To date, there has been a focus on reducing the incidence of embolic load from the CPB circuit (14,15), however, strategies to reduce embolic load from the surgical field have received less attention (16). This study focused on two different surgical techniques relevant to management of emboli generation from the surgical field. Specifically, the difference in cerebral emboli generation between SACC and PASC techniques during CABG requiring CPB was investigated. To our knowledge, we are the first group to explore the difference in cerebral embolic count between the two clamp techniques, with an association to emboli differentiation (gaseous or solid).
Hypothesis
The use of the additional PASC will have a higher cerebral embolic load, when compared to the SACC technique.
Materials and Methods
This prospective observational study was part of a larger study investigating the effect of cerebral emboli exposure on cerebral autoregulation in open-chamber versus closed- chamber cardiac surgery requiring CPB at Auckland City Hospital. All results obtained for the purpose of this research were separately collected and analyzed for discussion. Hence, the result of this study follows written consent and ethics approval by the Southern Health and Disability Ethics Committee (16/STH/157/AM02) and Auckland District Health Board Research Committee (A+7371). Patients scheduled for surgery were enrolled as a sample of convenience based primarily on the availability of the primary author of the larger study to conduct monitoring in the allocated research time.
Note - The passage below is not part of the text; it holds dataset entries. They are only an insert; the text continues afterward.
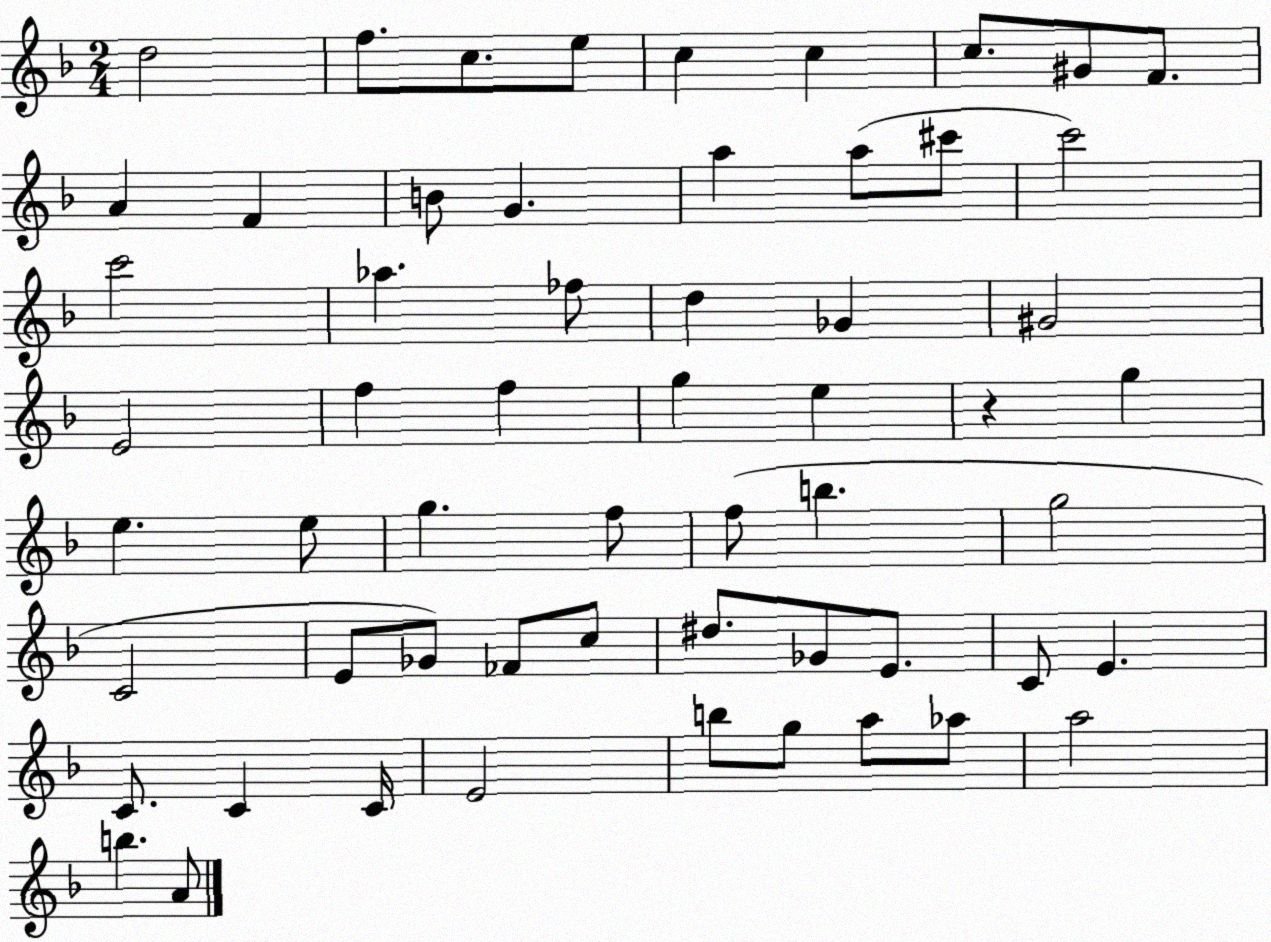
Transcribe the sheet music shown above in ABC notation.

X:1
T:Untitled
M:2/4
L:1/4
K:F
d2 f/2 c/2 e/2 c c c/2 ^G/2 F/2 A F B/2 G a a/2 ^c'/2 c'2 c'2 _a _f/2 d _G ^G2 E2 f f g e z g e e/2 g f/2 f/2 b g2 C2 E/2 _G/2 _F/2 c/2 ^d/2 _G/2 E/2 C/2 E C/2 C C/4 E2 b/2 g/2 a/2 _a/2 a2 b A/2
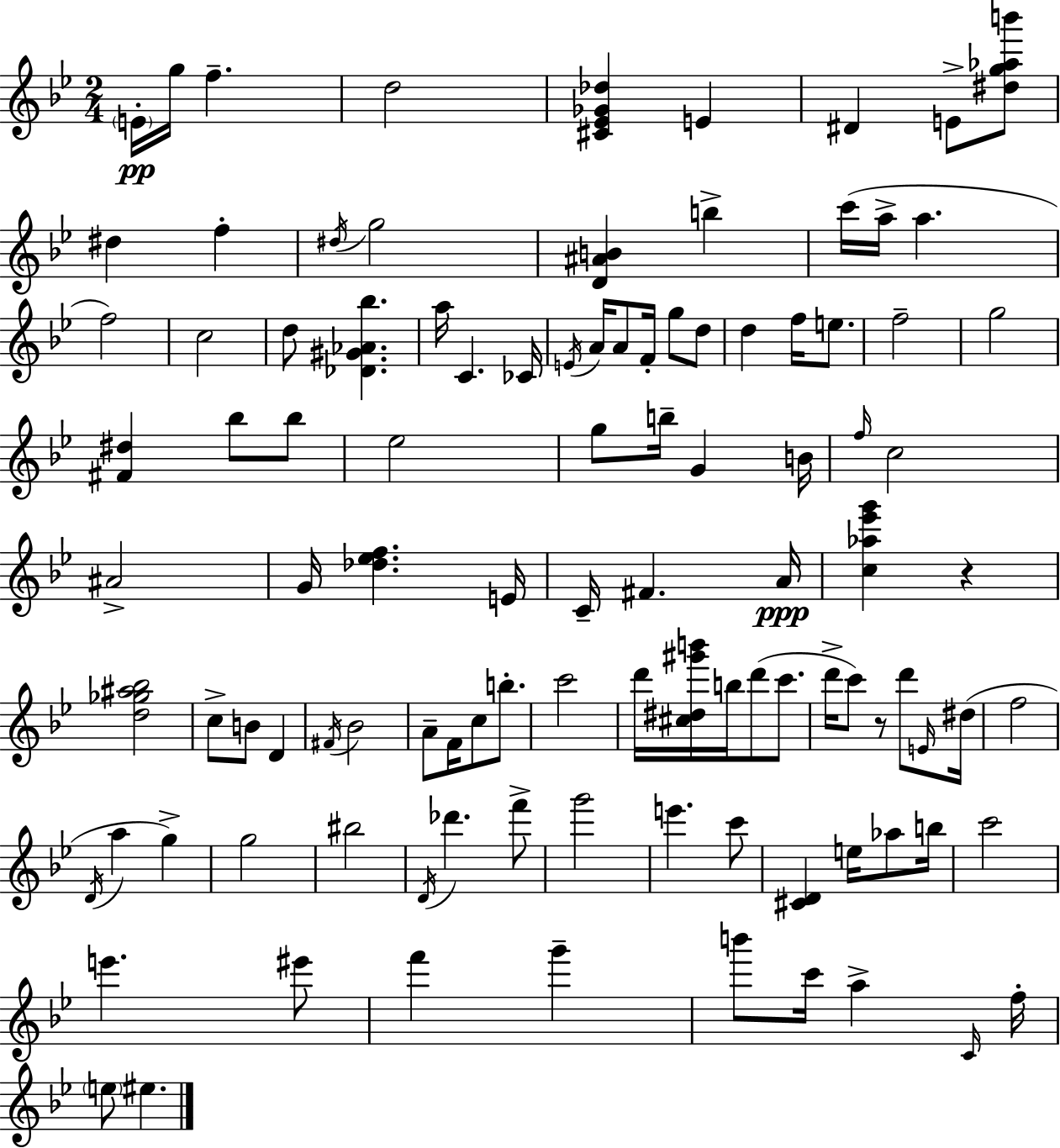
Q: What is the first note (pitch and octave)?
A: E4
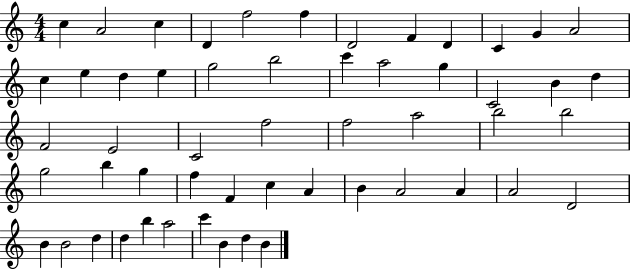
C5/q A4/h C5/q D4/q F5/h F5/q D4/h F4/q D4/q C4/q G4/q A4/h C5/q E5/q D5/q E5/q G5/h B5/h C6/q A5/h G5/q C4/h B4/q D5/q F4/h E4/h C4/h F5/h F5/h A5/h B5/h B5/h G5/h B5/q G5/q F5/q F4/q C5/q A4/q B4/q A4/h A4/q A4/h D4/h B4/q B4/h D5/q D5/q B5/q A5/h C6/q B4/q D5/q B4/q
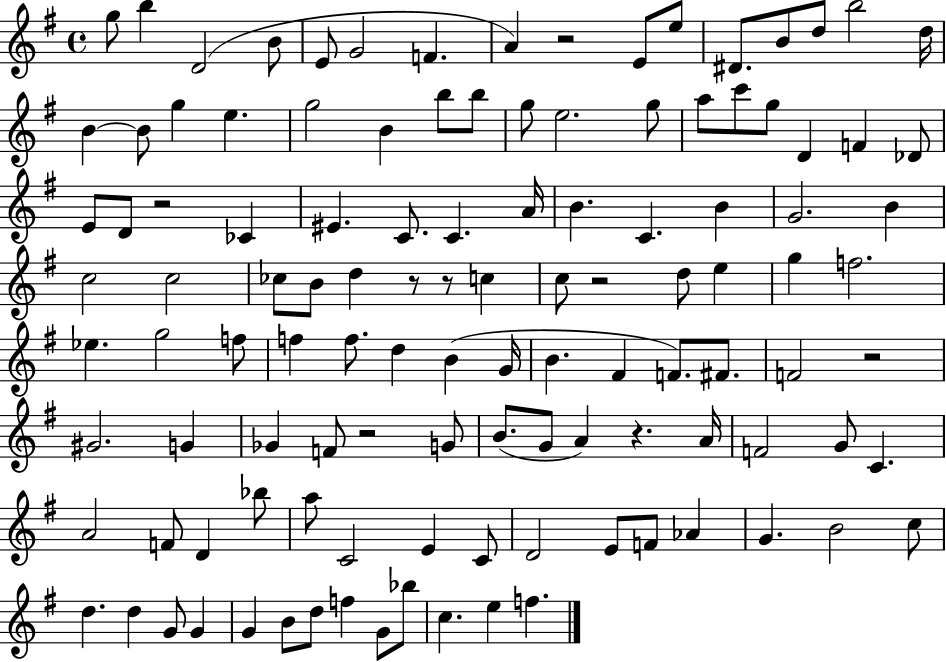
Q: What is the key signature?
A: G major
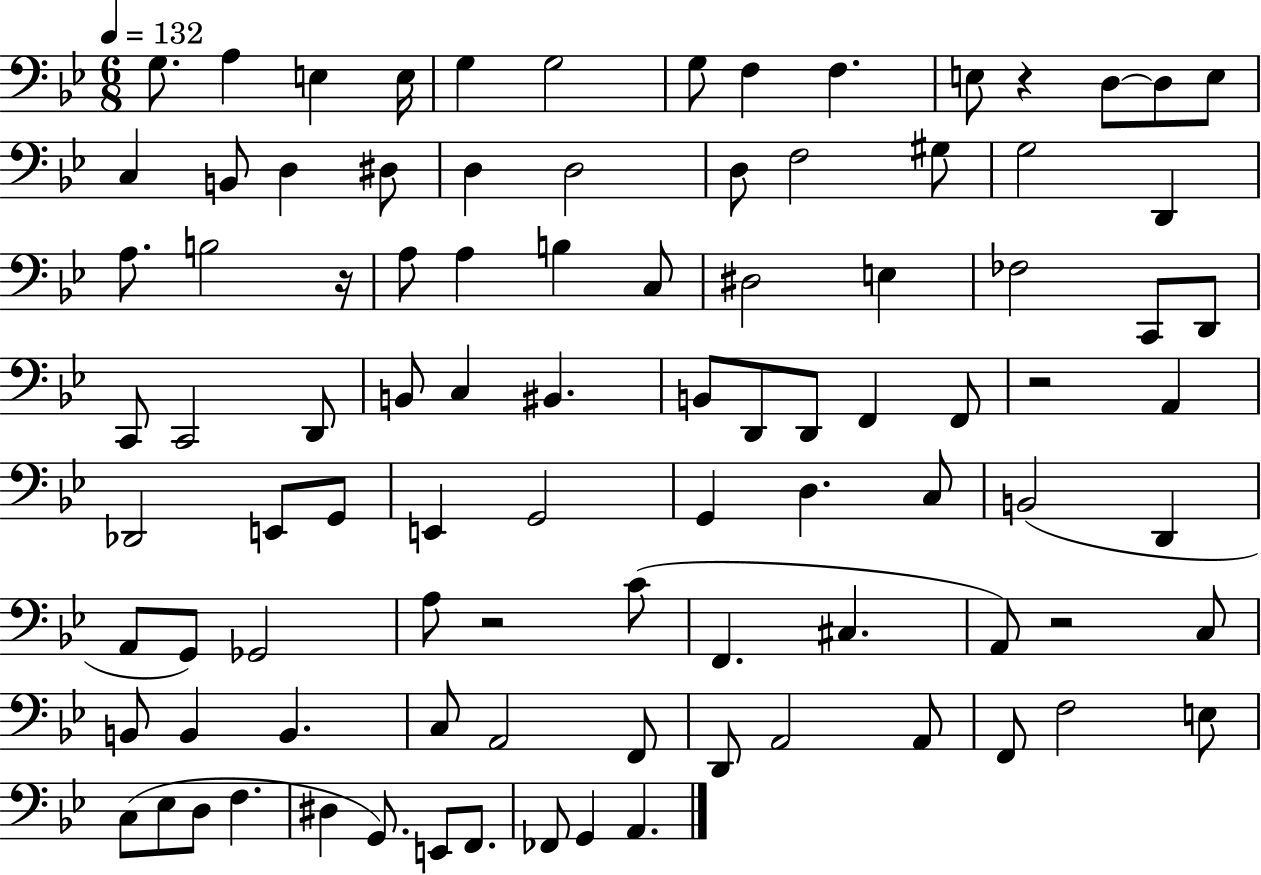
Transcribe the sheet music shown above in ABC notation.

X:1
T:Untitled
M:6/8
L:1/4
K:Bb
G,/2 A, E, E,/4 G, G,2 G,/2 F, F, E,/2 z D,/2 D,/2 E,/2 C, B,,/2 D, ^D,/2 D, D,2 D,/2 F,2 ^G,/2 G,2 D,, A,/2 B,2 z/4 A,/2 A, B, C,/2 ^D,2 E, _F,2 C,,/2 D,,/2 C,,/2 C,,2 D,,/2 B,,/2 C, ^B,, B,,/2 D,,/2 D,,/2 F,, F,,/2 z2 A,, _D,,2 E,,/2 G,,/2 E,, G,,2 G,, D, C,/2 B,,2 D,, A,,/2 G,,/2 _G,,2 A,/2 z2 C/2 F,, ^C, A,,/2 z2 C,/2 B,,/2 B,, B,, C,/2 A,,2 F,,/2 D,,/2 A,,2 A,,/2 F,,/2 F,2 E,/2 C,/2 _E,/2 D,/2 F, ^D, G,,/2 E,,/2 F,,/2 _F,,/2 G,, A,,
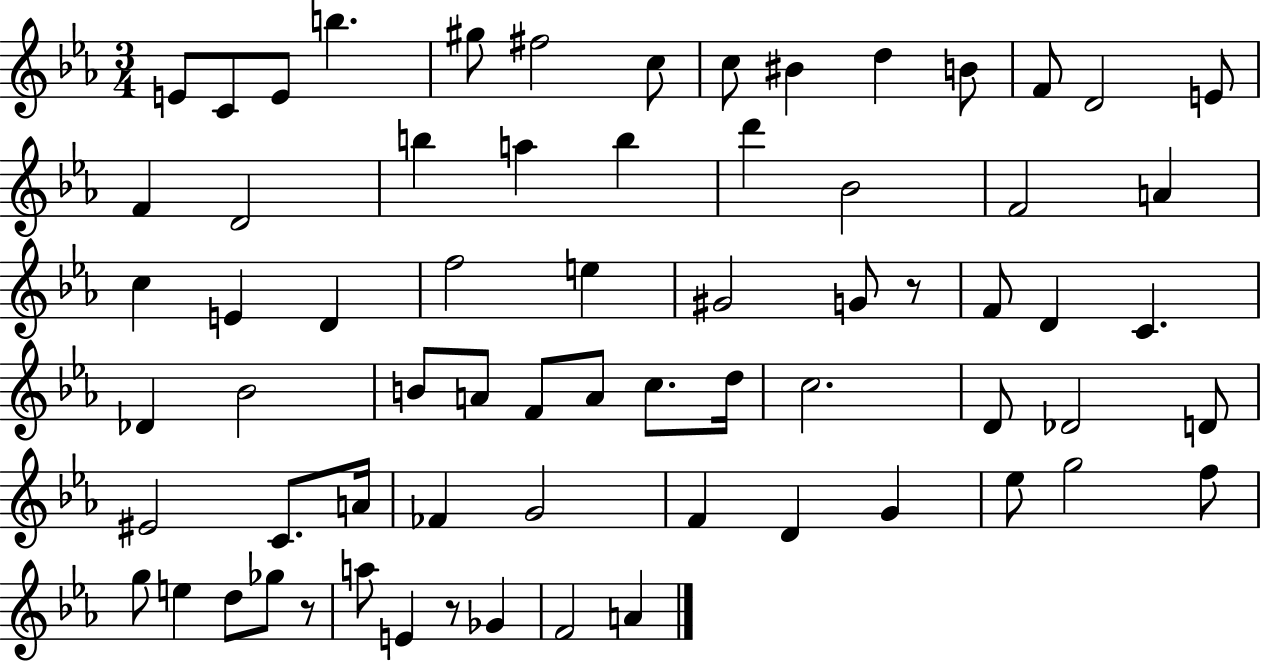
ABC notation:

X:1
T:Untitled
M:3/4
L:1/4
K:Eb
E/2 C/2 E/2 b ^g/2 ^f2 c/2 c/2 ^B d B/2 F/2 D2 E/2 F D2 b a b d' _B2 F2 A c E D f2 e ^G2 G/2 z/2 F/2 D C _D _B2 B/2 A/2 F/2 A/2 c/2 d/4 c2 D/2 _D2 D/2 ^E2 C/2 A/4 _F G2 F D G _e/2 g2 f/2 g/2 e d/2 _g/2 z/2 a/2 E z/2 _G F2 A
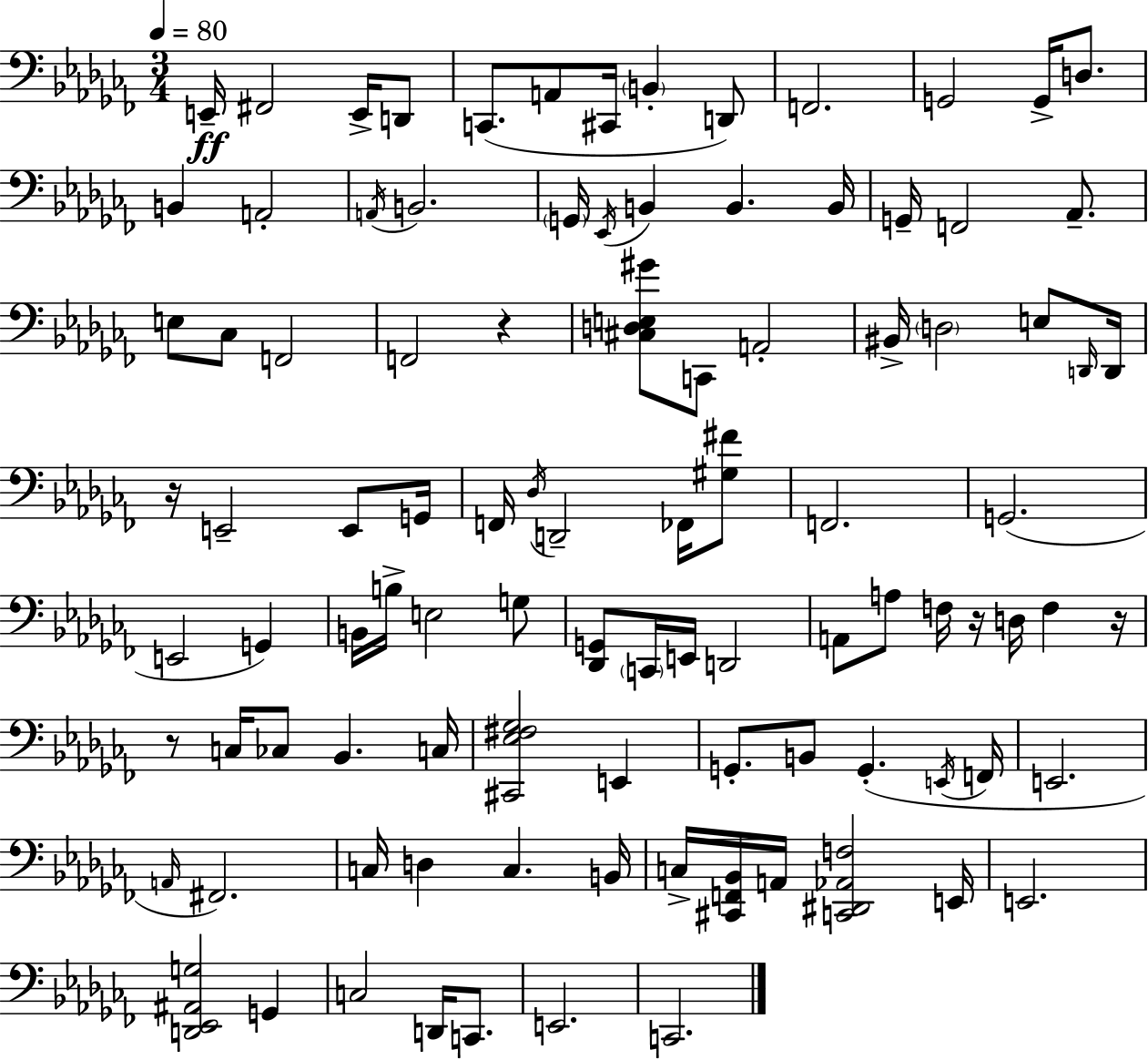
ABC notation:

X:1
T:Untitled
M:3/4
L:1/4
K:Abm
E,,/4 ^F,,2 E,,/4 D,,/2 C,,/2 A,,/2 ^C,,/4 B,, D,,/2 F,,2 G,,2 G,,/4 D,/2 B,, A,,2 A,,/4 B,,2 G,,/4 _E,,/4 B,, B,, B,,/4 G,,/4 F,,2 _A,,/2 E,/2 _C,/2 F,,2 F,,2 z [^C,D,E,^G]/2 C,,/2 A,,2 ^B,,/4 D,2 E,/2 D,,/4 D,,/4 z/4 E,,2 E,,/2 G,,/4 F,,/4 _D,/4 D,,2 _F,,/4 [^G,^F]/2 F,,2 G,,2 E,,2 G,, B,,/4 B,/4 E,2 G,/2 [_D,,G,,]/2 C,,/4 E,,/4 D,,2 A,,/2 A,/2 F,/4 z/4 D,/4 F, z/4 z/2 C,/4 _C,/2 _B,, C,/4 [^C,,_E,^F,_G,]2 E,, G,,/2 B,,/2 G,, E,,/4 F,,/4 E,,2 A,,/4 ^F,,2 C,/4 D, C, B,,/4 C,/4 [^C,,F,,_B,,]/4 A,,/4 [C,,^D,,_A,,F,]2 E,,/4 E,,2 [D,,_E,,^A,,G,]2 G,, C,2 D,,/4 C,,/2 E,,2 C,,2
Out of the 40 patients that were criteria eligible and recruited from the main study (open and closed chamber), 20 patients (n=14 PASC, n=6 SACC) undergoing CABG surgery (closed chamber only) were studied to compare the embolic load (differentiated as gaseous or solid) between two surgical techniques (SACC and PASC). Of note, only male participants were investigated, which was of chance; therefore, our data can only apply to the male population. However, it seems unlikely that patterns of emboli exposure would be influenced by patient gender. Relevant characteristics of the patients are shown in Table 1.